Problem description: Excluding all pictures, please output the listing exactly.
--------------------------------
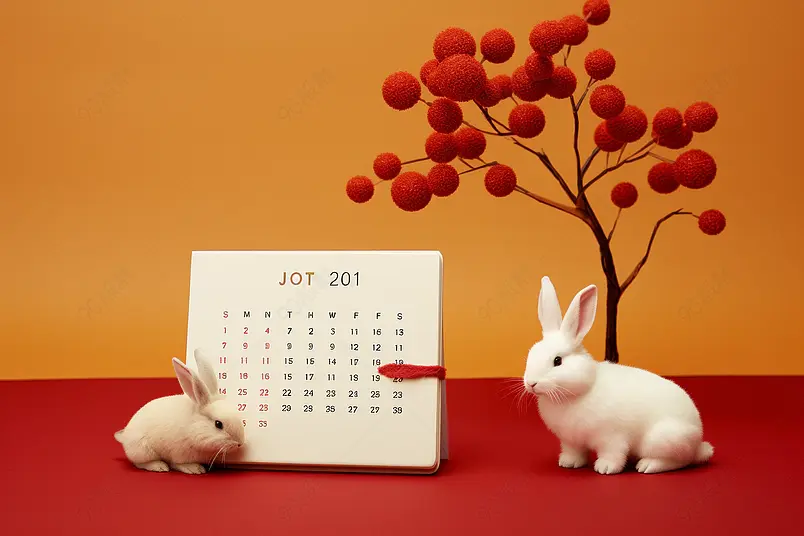2023新年兔年日历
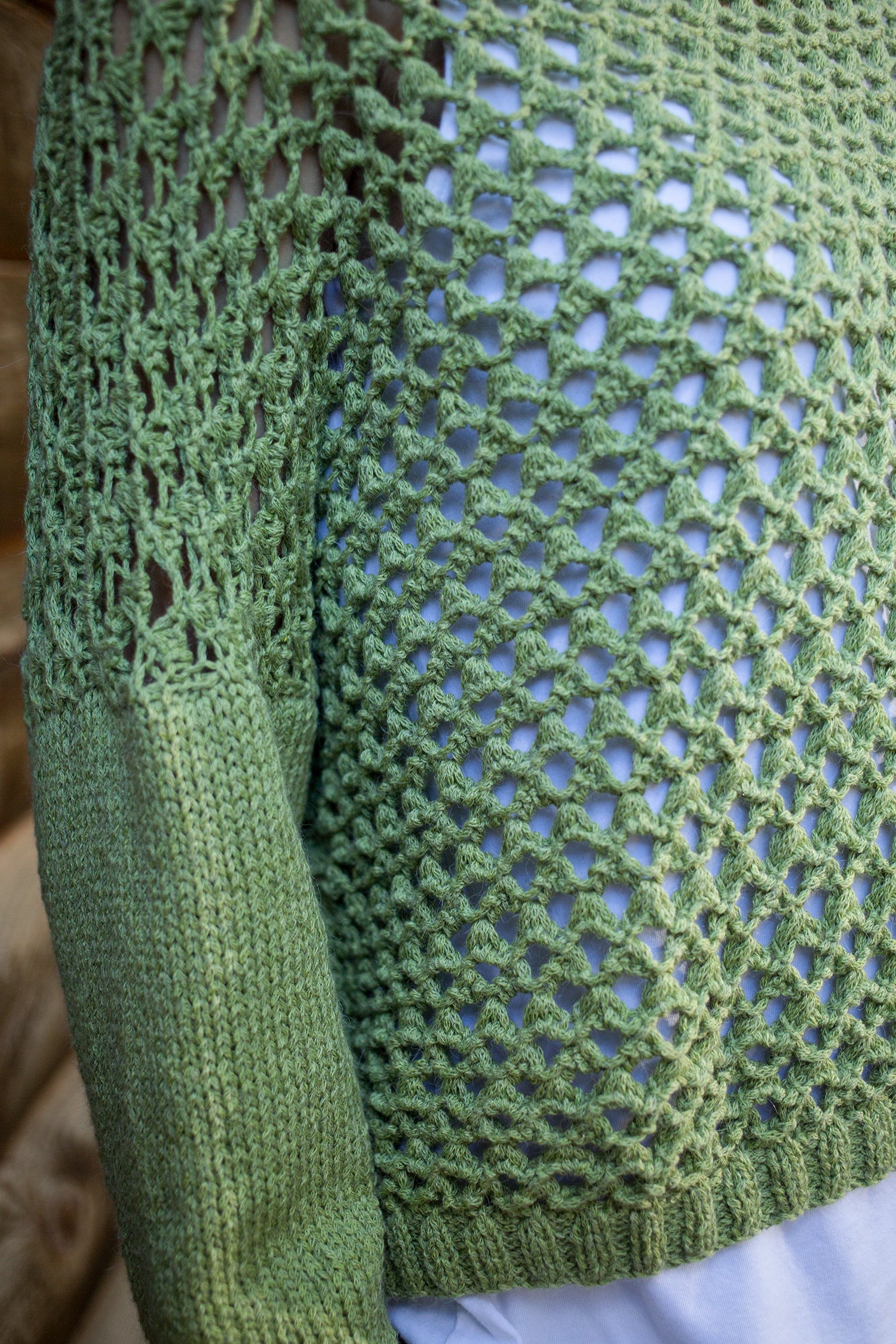 Paloverde Pullover Jumper Knitting Pattern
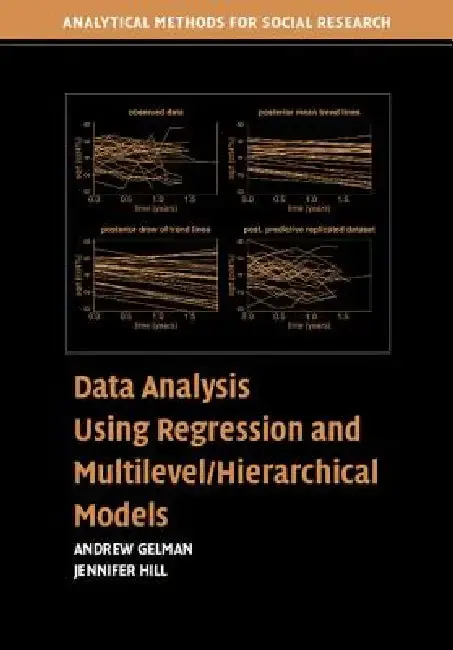 Cover of Data Analysis Using Regression and Multilevel Hierarchical Models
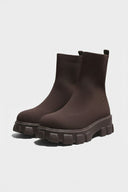 Barclay & Bloom | Women’s Knit Ankle Boots with Chunky Sole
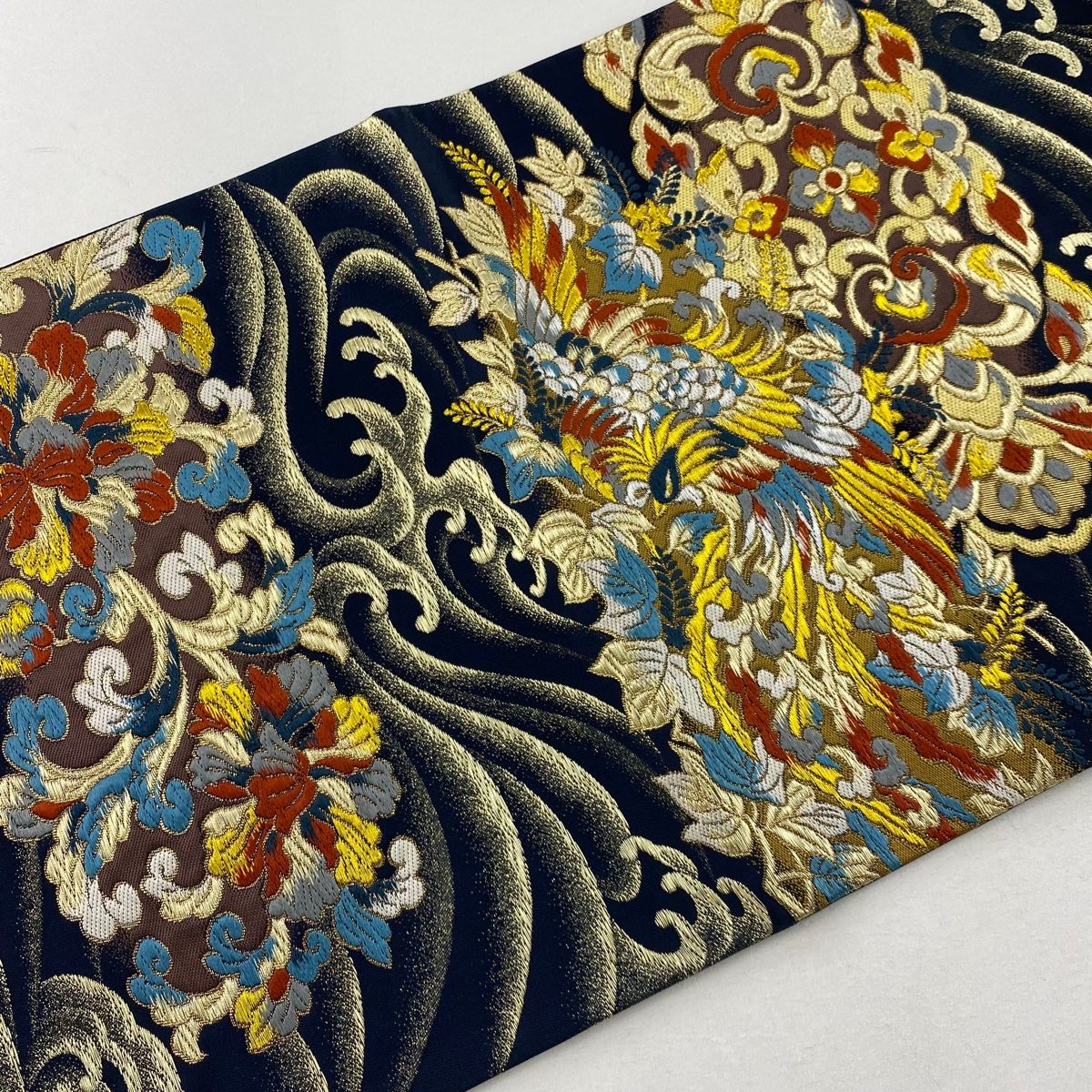 着物月花 鳳凰 華文様 袋帯 六通柄 正絹 金糸 ob3534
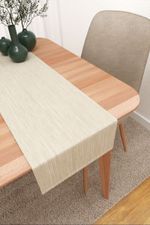 Vorschau Tijuana  #3J von Lysel - Tischläufer in graubraun perlweiß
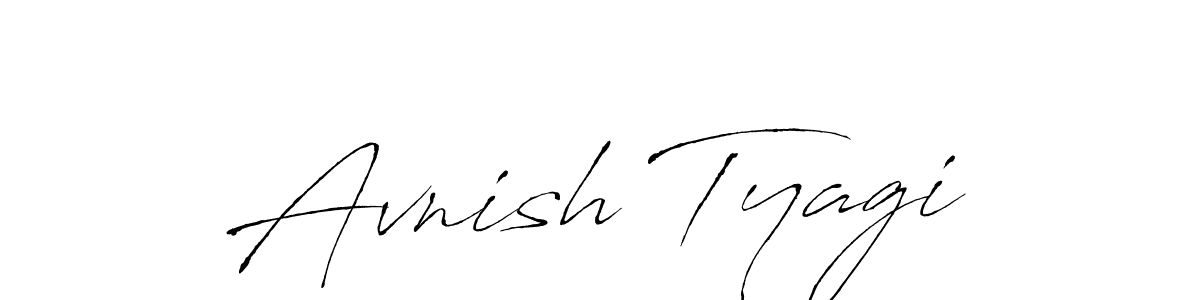 Make a beautiful signature design for name Avnish Tyagi. With this signature (Antro_Vectra) style, you can create a handwritten signature for free. Avnish Tyagi signature style 6 images and pictures png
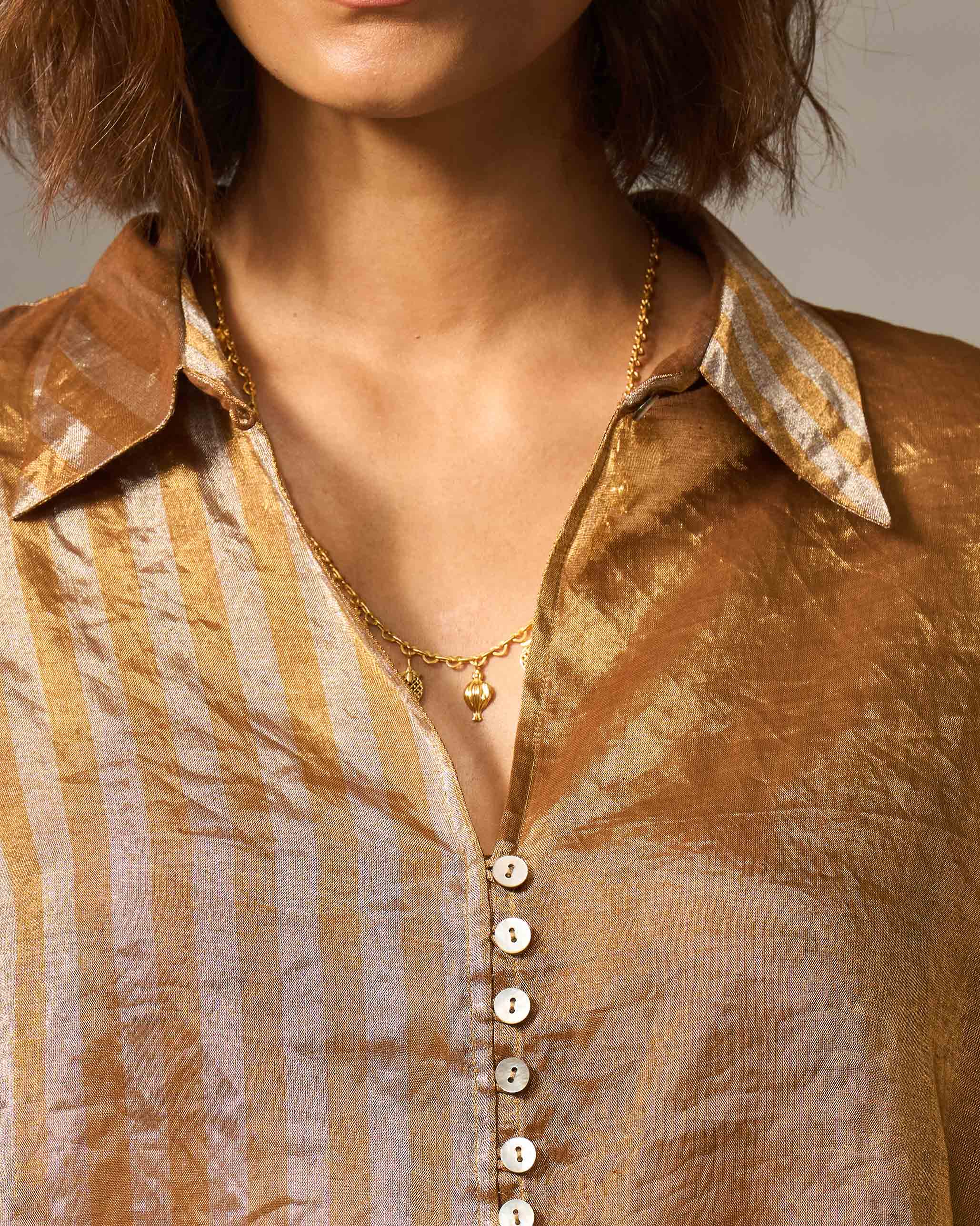 Hala Tunic - Gold & Silver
--------------------------------
Response:
2023新年兔年日历
 Paloverde Pullover Jumper Knitting Pattern
 Cover of Data Analysis Using Regression and Multilevel Hierarchical Models
 Barclay & Bloom | Women’s Knit Ankle Boots with Chunky Sole
 着物月花 鳳凰 華文様 袋帯 六通柄 正絹 金糸 ob3534
 Vorschau Tijuana  #3J von Lysel - Tischläufer in graubraun perlweiß
 Make a beautiful signature design for name Avnish Tyagi. With this signature (Antro_Vectra) style, you can create a handwritten signature for free. Avnish Tyagi signature style 6 images and pictures png
 Hala Tunic - Gold & Silver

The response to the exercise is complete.